Once the configuration is done, you can start snmptrapd from the command shell. To do this open, run cmd.exe and type the following at the prompt:

C:\usr\bin\snmptrapd.exe -Lo

This can be explained as:

• C:\usr\bin\snmptrapd.exe - This is the path to the snmptrapd executable.
• -Lo - This means to log the trap information to "standard output" (in other words, the same command shell you're invoking this command from).

Once you have done this, you should see the following line:

NET-SNMP version 5.5

Next, generate a trap message from the AltiGen server. The easiest way to do this with the least amount of impact on a running server is to restart the CT-Proxy service (this will cause all instances of MaxClients to drop). If downtime is less critical, you could also unplug a live PRI and then reconnect it.

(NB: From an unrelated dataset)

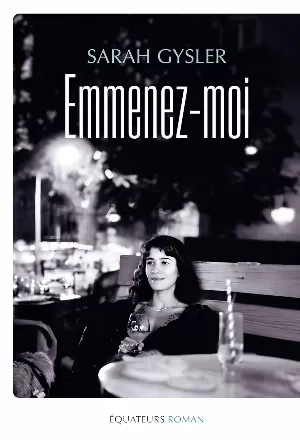Sarah Gysler – Emmenez-moi
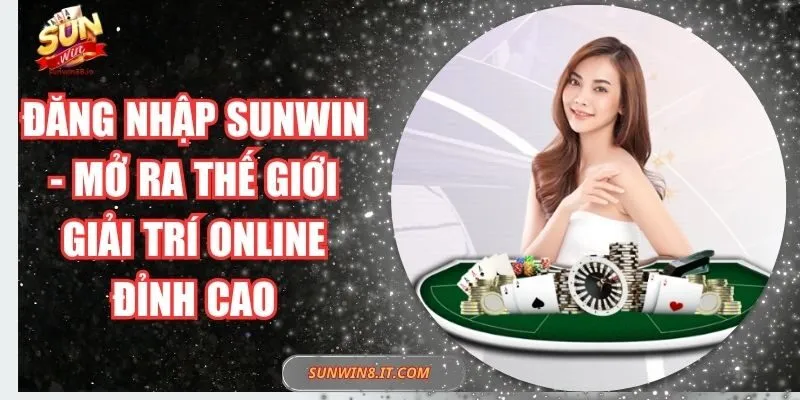 Đăng Nhập Sunwin - Mở Ra Thế Giới Giải Trí Online Đỉnh Cao 5 Sunwin Đăng Nhập Sunwin – Mở Ra Thế Giới Giải Trí Online Đỉnh Cao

Because the traps are logging to standard output, you will see them in this screen:

Starting the service

Once you have finished testing, and are satisfied that the traphandler is working, open the Windows services console (services.msc) and locate the "Net-SNMP Trap Handler" service, and start it. Run one more test to make sure that everything is working. You now have a server that will receive traps from a MaxCommunications server and send them to an email address.